- _Assignment_
Return the data below unchanged. Drop any pictures.

- _Data segment_
------------------------
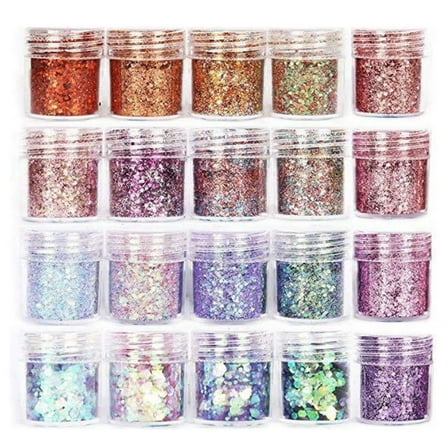 Milue 20 Bottles Flash Glitter Powder UV Epoxy Resin Fillier Resin Shinning Filling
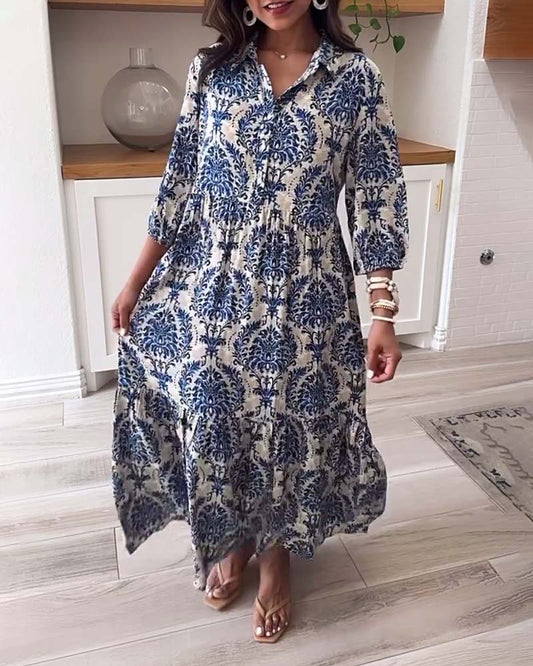 Abito da festa largo con stampa a risvolto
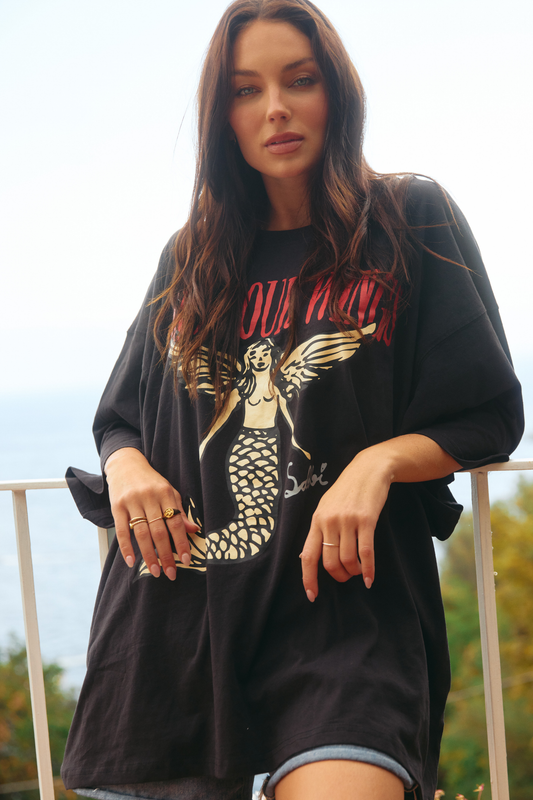 Sabbi - The Very Oversized - Find Your Wings Tee - Black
------------------------
- _The answer_
 Milue 20 Bottles Flash Glitter Powder UV Epoxy Resin Fillier Resin Shinning Filling
 Abito da festa largo con stampa a risvolto
 Sabbi - The Very Oversized - Find Your Wings Tee - Black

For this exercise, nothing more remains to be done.